| Task requirements |
Nothing but the lines from the one containing "THE 'BOLAN' 70'S" through the one containing "Pants Set Sports", both included, should be given again, each exactly as written below.
--- --- ---
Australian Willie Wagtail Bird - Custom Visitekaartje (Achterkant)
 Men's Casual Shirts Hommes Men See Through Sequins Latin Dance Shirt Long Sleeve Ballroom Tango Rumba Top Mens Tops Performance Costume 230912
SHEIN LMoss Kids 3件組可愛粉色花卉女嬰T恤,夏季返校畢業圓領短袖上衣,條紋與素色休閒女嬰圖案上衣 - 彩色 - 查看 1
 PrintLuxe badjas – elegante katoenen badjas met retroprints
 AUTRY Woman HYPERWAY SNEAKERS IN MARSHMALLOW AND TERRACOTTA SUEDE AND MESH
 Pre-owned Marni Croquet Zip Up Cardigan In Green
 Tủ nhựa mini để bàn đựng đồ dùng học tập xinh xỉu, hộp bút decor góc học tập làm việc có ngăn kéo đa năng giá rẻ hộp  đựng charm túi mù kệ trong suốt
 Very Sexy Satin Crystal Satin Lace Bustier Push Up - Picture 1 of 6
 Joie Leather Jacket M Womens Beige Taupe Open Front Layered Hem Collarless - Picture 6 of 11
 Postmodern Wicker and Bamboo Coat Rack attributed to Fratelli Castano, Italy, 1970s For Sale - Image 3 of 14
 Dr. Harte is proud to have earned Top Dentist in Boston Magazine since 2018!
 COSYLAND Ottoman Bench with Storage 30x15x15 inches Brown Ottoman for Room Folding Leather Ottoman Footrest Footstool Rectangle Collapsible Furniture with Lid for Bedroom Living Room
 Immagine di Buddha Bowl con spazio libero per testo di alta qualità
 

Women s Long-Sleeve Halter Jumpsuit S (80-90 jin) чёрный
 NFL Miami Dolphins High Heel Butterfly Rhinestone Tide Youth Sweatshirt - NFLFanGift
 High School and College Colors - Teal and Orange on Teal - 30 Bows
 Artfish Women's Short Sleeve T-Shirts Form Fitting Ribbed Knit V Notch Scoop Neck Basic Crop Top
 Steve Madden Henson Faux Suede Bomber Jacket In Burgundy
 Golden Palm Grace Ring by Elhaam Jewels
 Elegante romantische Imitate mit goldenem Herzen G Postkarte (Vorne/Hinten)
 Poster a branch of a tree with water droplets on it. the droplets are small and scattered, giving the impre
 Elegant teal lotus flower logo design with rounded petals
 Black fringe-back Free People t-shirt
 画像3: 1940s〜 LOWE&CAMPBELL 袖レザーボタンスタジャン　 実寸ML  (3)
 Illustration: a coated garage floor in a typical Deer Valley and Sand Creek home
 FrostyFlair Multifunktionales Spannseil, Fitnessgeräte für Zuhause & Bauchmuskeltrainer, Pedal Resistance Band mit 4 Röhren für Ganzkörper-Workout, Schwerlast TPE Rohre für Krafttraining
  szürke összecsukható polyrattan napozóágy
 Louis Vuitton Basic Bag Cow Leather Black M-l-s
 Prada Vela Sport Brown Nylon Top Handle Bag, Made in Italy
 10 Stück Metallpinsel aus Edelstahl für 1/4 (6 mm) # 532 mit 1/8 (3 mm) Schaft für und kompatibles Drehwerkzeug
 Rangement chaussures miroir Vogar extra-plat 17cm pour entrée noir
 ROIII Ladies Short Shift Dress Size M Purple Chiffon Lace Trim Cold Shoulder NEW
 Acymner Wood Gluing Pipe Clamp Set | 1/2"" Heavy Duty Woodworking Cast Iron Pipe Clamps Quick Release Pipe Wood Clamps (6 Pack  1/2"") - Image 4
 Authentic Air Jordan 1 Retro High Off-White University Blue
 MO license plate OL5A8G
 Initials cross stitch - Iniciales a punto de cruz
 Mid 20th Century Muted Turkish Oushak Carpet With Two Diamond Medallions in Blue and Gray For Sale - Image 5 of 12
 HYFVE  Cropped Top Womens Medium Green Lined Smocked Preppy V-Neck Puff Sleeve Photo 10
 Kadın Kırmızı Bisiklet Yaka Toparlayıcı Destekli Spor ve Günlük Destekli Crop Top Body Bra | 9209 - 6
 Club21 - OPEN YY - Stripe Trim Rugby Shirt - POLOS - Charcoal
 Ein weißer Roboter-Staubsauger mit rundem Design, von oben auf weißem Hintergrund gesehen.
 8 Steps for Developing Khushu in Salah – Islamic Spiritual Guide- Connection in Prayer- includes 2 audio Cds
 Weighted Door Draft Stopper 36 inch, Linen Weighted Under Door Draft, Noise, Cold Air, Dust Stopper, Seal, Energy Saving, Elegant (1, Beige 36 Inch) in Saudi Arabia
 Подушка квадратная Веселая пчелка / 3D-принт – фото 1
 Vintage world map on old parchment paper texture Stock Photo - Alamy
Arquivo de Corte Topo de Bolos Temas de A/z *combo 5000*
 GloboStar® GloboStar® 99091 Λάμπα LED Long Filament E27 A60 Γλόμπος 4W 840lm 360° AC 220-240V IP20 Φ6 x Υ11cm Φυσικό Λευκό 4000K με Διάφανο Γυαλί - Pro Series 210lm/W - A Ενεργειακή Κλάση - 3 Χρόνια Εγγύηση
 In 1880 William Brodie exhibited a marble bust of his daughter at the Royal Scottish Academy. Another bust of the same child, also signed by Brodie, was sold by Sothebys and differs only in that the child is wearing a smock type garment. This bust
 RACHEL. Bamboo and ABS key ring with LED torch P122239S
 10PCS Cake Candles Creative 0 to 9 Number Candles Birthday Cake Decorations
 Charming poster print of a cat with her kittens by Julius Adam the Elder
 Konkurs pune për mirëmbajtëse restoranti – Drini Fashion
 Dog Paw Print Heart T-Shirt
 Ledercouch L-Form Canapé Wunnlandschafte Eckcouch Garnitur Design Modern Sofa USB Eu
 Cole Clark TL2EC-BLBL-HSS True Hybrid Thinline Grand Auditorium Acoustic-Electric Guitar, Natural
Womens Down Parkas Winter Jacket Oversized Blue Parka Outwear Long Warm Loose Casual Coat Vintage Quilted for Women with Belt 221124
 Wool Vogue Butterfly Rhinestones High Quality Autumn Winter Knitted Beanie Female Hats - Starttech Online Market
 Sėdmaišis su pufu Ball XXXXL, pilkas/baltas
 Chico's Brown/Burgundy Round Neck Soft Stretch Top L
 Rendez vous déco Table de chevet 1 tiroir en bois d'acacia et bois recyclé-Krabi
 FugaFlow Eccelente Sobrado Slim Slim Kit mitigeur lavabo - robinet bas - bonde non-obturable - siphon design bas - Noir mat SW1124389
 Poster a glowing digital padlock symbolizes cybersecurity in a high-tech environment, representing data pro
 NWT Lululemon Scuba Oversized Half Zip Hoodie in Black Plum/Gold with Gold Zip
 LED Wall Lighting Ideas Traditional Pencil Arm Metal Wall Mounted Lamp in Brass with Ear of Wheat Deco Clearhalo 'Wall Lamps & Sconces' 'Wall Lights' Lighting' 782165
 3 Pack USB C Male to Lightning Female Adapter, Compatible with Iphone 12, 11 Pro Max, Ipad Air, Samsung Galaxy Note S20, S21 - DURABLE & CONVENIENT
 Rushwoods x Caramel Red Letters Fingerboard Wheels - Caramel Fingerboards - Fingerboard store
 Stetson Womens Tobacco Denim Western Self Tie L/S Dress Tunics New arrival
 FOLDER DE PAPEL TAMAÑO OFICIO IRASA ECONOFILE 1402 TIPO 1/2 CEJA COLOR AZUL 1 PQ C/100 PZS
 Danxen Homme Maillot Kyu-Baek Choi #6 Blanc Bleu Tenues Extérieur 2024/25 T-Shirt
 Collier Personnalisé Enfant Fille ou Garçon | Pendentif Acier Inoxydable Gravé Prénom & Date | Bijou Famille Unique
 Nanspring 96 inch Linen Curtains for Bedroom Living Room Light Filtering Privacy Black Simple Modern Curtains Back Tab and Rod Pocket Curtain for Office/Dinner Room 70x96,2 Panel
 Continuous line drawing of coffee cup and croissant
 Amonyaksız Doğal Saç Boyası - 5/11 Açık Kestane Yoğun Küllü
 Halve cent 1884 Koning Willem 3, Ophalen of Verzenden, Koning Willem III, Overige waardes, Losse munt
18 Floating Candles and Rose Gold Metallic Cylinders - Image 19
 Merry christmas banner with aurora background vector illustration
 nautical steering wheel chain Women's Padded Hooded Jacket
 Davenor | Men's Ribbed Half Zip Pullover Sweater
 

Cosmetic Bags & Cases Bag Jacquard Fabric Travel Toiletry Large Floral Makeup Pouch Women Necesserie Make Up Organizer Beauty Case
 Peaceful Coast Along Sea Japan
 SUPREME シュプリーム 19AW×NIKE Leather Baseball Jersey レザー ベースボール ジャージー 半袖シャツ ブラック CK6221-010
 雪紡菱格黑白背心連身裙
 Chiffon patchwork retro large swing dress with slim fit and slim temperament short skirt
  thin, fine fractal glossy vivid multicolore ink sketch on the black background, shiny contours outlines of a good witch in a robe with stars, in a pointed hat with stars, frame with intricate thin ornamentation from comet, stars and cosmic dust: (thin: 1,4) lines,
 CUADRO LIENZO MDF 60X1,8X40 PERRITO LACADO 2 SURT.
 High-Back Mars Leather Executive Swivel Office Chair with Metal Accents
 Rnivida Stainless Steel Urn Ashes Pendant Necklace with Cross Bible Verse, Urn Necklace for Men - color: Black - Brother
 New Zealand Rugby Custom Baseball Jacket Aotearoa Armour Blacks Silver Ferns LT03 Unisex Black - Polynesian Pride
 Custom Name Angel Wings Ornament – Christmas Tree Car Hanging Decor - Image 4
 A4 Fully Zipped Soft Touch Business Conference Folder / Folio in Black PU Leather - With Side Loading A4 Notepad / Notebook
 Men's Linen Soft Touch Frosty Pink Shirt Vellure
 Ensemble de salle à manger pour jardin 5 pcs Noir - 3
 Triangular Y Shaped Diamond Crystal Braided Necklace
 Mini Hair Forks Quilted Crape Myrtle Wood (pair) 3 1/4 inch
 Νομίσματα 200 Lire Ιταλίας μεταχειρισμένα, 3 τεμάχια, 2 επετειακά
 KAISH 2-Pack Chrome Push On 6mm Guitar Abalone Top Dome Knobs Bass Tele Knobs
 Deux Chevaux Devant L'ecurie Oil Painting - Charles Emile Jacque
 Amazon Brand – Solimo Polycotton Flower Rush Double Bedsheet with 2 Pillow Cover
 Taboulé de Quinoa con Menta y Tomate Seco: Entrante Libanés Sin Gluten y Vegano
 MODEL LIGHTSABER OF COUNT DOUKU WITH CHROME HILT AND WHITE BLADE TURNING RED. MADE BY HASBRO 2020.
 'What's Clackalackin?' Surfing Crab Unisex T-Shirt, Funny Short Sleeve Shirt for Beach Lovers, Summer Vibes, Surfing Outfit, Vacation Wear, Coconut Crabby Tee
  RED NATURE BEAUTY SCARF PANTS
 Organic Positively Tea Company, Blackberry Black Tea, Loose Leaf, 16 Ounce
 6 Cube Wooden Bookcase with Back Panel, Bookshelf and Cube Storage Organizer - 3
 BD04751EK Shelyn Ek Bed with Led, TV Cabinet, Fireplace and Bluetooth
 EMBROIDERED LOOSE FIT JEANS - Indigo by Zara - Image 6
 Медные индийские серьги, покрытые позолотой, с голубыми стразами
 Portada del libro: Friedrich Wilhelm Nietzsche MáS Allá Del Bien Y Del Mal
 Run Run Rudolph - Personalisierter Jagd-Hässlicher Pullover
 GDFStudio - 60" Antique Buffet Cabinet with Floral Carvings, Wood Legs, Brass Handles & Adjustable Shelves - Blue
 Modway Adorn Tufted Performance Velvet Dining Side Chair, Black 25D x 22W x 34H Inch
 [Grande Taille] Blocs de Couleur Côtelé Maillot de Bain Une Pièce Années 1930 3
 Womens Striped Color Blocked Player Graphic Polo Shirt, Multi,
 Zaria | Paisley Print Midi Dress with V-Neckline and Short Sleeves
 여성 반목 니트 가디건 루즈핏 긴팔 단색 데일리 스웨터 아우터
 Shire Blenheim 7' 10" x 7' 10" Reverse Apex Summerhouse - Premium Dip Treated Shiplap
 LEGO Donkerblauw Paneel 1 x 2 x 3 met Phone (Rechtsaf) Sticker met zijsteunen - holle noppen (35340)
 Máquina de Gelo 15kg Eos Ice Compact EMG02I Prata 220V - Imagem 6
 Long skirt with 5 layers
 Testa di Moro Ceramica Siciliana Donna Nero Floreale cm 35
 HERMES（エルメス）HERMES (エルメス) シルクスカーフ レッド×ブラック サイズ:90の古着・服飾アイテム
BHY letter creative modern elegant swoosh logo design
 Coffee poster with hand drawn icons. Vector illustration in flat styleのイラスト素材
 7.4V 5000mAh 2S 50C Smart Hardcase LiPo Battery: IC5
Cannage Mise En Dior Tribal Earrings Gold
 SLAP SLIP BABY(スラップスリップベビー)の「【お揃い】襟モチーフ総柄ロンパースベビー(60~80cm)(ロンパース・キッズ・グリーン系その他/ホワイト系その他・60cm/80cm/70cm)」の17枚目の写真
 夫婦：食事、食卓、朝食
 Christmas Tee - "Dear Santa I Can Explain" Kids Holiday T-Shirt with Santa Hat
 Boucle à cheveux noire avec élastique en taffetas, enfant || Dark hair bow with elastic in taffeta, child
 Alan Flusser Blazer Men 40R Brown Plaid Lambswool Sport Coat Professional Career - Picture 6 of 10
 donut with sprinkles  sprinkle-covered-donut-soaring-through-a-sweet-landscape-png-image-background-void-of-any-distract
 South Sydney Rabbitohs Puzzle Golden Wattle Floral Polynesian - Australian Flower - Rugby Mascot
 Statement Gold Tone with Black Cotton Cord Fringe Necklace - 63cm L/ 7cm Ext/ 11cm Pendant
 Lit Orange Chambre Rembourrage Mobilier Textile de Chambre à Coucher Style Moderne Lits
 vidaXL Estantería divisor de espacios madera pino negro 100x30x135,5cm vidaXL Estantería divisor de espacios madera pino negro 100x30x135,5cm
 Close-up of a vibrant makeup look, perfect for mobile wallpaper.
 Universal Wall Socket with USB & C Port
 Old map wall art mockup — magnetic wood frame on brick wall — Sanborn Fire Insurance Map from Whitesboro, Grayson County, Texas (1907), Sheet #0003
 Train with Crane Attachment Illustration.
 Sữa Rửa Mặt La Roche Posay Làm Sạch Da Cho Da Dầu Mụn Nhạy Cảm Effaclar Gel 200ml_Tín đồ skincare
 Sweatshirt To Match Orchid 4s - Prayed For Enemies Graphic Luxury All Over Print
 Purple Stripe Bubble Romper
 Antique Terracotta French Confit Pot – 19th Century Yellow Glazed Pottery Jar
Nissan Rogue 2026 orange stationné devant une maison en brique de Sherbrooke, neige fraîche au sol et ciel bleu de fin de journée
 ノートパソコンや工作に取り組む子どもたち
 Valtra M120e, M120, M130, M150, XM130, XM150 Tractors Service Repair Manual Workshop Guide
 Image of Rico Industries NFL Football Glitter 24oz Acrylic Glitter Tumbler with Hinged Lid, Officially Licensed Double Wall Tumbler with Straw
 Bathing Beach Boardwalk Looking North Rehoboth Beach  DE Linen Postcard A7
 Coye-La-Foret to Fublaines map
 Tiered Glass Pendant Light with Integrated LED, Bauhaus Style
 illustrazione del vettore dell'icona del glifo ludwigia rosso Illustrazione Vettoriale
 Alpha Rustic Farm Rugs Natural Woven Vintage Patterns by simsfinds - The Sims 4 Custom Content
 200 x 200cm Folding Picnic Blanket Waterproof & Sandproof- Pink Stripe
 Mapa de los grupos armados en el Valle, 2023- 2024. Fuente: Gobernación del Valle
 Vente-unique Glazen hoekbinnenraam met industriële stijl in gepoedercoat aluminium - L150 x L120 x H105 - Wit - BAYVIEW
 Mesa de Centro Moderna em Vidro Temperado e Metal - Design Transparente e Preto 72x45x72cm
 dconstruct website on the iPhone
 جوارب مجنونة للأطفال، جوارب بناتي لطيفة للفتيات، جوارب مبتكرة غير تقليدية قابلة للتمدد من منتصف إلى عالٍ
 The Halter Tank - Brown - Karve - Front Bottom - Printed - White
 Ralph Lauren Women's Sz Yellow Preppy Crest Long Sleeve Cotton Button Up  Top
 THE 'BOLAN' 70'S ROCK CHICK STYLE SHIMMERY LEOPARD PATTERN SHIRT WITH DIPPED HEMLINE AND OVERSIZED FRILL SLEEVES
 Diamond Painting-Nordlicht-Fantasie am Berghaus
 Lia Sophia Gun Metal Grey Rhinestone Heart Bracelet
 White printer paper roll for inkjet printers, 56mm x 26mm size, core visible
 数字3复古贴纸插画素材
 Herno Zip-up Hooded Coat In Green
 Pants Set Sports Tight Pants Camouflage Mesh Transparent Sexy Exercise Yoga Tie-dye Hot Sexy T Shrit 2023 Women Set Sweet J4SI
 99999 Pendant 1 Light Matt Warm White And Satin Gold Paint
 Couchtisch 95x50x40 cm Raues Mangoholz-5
--- --- ---
| Solution for this exercise |
 THE 'BOLAN' 70'S ROCK CHICK STYLE SHIMMERY LEOPARD PATTERN SHIRT WITH DIPPED HEMLINE AND OVERSIZED FRILL SLEEVES
 Diamond Painting-Nordlicht-Fantasie am Berghaus
 Lia Sophia Gun Metal Grey Rhinestone Heart Bracelet
 White printer paper roll for inkjet printers, 56mm x 26mm size, core visible
 数字3复古贴纸插画素材
 Herno Zip-up Hooded Coat In Green
 Pants Set Sports Tight Pants Camouflage Mesh Transparent Sexy Exercise Yoga Tie-dye Hot Sexy T Shrit 2023 Women Set Sweet J4SI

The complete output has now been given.